Lovely Sunday morning and there's a fair bit of loafing around, reading, making luscious breakfast, I mean brunch, editing photos and eventually getting showered to go out and catch up with the Santa Claus parade making its way down toward St. Lawrence market. As it happens, my fault, we don't get out the door in time and as we walk down Wellington Street, we find a lot of families heading home and what looks like a massive advertisement for Tim Horton's plastered all over the street. If what Tim's is advertising is garbage.
The crowds are a little less charming after the parade than they might be during the parade and it's a relief to duck into the cozy and quiet little Cést What for some fine ale and snack of warm cheese with carmelized onions, and warm pretzels and broccoli for dipping.

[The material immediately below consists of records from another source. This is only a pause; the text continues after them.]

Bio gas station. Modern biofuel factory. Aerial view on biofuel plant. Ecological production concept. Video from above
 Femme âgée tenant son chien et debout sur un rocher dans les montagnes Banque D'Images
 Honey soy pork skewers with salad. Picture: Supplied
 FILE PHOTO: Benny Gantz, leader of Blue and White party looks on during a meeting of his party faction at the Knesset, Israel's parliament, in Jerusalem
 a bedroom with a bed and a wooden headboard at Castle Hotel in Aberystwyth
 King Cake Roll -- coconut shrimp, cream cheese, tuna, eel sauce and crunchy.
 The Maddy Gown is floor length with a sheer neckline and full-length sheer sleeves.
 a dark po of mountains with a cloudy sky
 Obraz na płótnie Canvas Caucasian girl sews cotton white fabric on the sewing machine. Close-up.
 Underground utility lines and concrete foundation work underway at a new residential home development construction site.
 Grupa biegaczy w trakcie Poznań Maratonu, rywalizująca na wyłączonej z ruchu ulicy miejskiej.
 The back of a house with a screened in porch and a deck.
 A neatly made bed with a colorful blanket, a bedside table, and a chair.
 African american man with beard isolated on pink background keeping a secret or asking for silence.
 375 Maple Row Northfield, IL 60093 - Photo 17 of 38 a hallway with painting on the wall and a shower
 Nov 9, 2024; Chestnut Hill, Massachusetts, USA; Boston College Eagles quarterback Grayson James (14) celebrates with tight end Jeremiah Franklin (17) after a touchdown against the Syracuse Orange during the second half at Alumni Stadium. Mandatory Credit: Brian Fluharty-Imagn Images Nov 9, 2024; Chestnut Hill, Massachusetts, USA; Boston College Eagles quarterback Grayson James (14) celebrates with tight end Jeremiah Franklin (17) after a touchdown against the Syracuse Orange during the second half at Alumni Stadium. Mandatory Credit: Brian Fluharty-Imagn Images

Later we walk home in the twilight and I'm thinking the colour of that sky is more beautiful than any old parade float any day.
Should I go suddenly from this life, I hope it's not by decapitation by glass falling out of the sky.
The Harbourfront starts to feel a little lonely in November; all those tourists have gone back to wherever it is they come from. I do find a little comfort in the quiet. The longer stretches of night enfold you; life becomes quieter, less public. In January I'll be aching for more light, but lonely November comes welcome.
It's rainy and blustery here, but nothing serious so far. The sky doesn't give any indication of the size of that cloud formation, which swirls over a large part of the Atlantic and a significant part of America.
I'm itching to get home tonight, but I stop and think about how small I am, how small my city is, in relation to that cloud.